While the live export ban had been difficult, Mr Heatley said it had provided the impetus for the trade to improve its welfare credentials which in turn would help to increase community trust in the industry.

“Producers should look beyond short-term volatility towards the fundamental trends and opportunities underlying our industry,” Mr Heatley said.

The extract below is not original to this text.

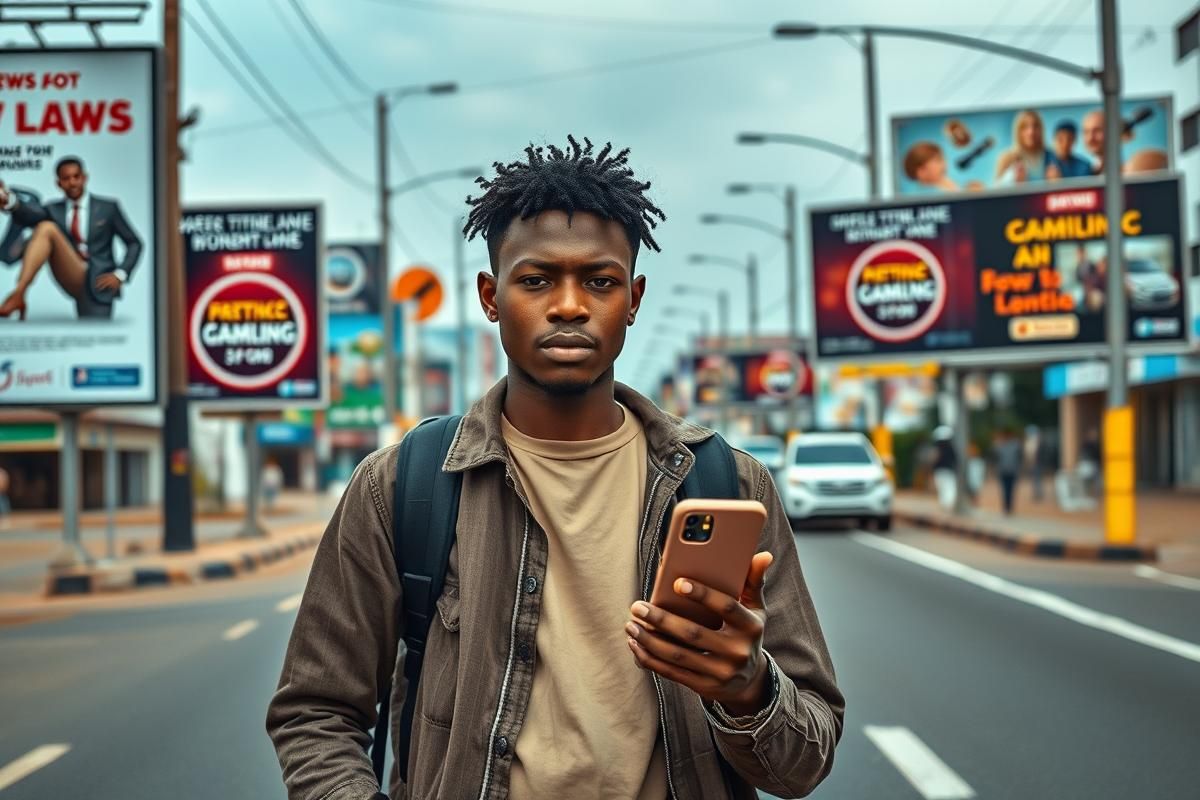 Kenyan influencer in an urban area with restricted gambling advertisements on billboards.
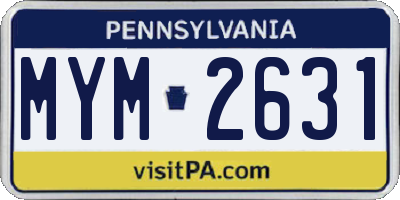PA license plate MYM2631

“MLAs work in building demand, productivity, and trust for the red meat and livestock industry can provide you with the tools to identify and take advantage of these opportunities into the future. “

Meat and Livestock Australia 's 2010-11 annual report can be viewed by clicking here

MLA’s annual report for 2010-11 by the numbers:

  • MLA completed 2010-11 with a surplus of $900,000.
  • Expenditure decreased by 2.5pc to $166.5 million.
  • Revenue decreased by $2.6m to $167.4m.
  • .$76.1m was spent on Research and Development and $90.4m on marketing programs.
  • Income from levies decreased marginally to $96.1m.
  • The $A appreciated by 18pc during the financial year against the US dollar to rise to $1.09 in May, and $1.06 at the end of June
  • Producer levies made up 57pc of MLA’s total revenue.
  • MLA has 47,500 beef, sheepmeat and goatmeat producer members in 2010-11.
  • Grassfed cattle producers remain the single largest contributor of transaction levies to Meat and Livestock Australia, accounting for $56,191,000 of MLA’s transaction levy funds or 58pc.
  • Lambs account for $28,683,000 or 29pc of transaction levy funds, followed by grainfed cattle with $8,469,000 (9pc), sheep $2,144,000 (2pc) and goats $616,000 (<1pc).
  • Other revenue sources included Government $40.3m, R&D partnerships $10.4m, processor contributions $8,980,000. Live exporter contributions totalled $2,167,000.